*DATA SUPPLIED:*
__________

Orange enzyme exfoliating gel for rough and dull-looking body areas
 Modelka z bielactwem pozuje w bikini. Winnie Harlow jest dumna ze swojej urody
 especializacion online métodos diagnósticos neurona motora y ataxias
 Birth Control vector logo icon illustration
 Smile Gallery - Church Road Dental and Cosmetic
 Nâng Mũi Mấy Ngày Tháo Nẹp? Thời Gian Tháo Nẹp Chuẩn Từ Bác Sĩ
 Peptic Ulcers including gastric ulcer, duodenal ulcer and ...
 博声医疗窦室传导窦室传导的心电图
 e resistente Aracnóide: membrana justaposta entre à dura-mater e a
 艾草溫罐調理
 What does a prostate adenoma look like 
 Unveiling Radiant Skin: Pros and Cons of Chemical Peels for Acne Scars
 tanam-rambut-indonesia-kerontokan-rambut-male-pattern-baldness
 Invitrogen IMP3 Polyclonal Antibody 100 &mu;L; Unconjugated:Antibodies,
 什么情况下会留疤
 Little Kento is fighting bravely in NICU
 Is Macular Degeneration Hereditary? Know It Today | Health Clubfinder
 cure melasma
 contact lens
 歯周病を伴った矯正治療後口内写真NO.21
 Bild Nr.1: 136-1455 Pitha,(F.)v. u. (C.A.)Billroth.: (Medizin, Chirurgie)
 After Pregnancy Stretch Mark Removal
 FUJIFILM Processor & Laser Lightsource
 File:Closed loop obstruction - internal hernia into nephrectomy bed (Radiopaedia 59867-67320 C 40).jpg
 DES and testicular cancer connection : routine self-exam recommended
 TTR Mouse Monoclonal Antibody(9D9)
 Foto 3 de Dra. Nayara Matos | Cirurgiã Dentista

__________

*TASK REQUIREMENTS:* Reproduce each entry word for word.

*TASK RESPONSE:*
Orange enzyme exfoliating gel for rough and dull-looking body areas
 Modelka z bielactwem pozuje w bikini. Winnie Harlow jest dumna ze swojej urody
 especializacion online métodos diagnósticos neurona motora y ataxias
 Birth Control vector logo icon illustration
 Smile Gallery - Church Road Dental and Cosmetic
 Nâng Mũi Mấy Ngày Tháo Nẹp? Thời Gian Tháo Nẹp Chuẩn Từ Bác Sĩ
 Peptic Ulcers including gastric ulcer, duodenal ulcer and ...
 博声医疗窦室传导窦室传导的心电图
 e resistente Aracnóide: membrana justaposta entre à dura-mater e a
 艾草溫罐調理
 What does a prostate adenoma look like 
 Unveiling Radiant Skin: Pros and Cons of Chemical Peels for Acne Scars
 tanam-rambut-indonesia-kerontokan-rambut-male-pattern-baldness
 Invitrogen IMP3 Polyclonal Antibody 100 &mu;L; Unconjugated:Antibodies,
 什么情况下会留疤
 Little Kento is fighting bravely in NICU
 Is Macular Degeneration Hereditary? Know It Today | Health Clubfinder
 cure melasma
 contact lens
 歯周病を伴った矯正治療後口内写真NO.21
 Bild Nr.1: 136-1455 Pitha,(F.)v. u. (C.A.)Billroth.: (Medizin, Chirurgie)
 After Pregnancy Stretch Mark Removal
 FUJIFILM Processor & Laser Lightsource
 File:Closed loop obstruction - internal hernia into nephrectomy bed (Radiopaedia 59867-67320 C 40).jpg
 DES and testicular cancer connection : routine self-exam recommended
 TTR Mouse Monoclonal Antibody(9D9)
 Foto 3 de Dra. Nayara Matos | Cirurgiã Dentista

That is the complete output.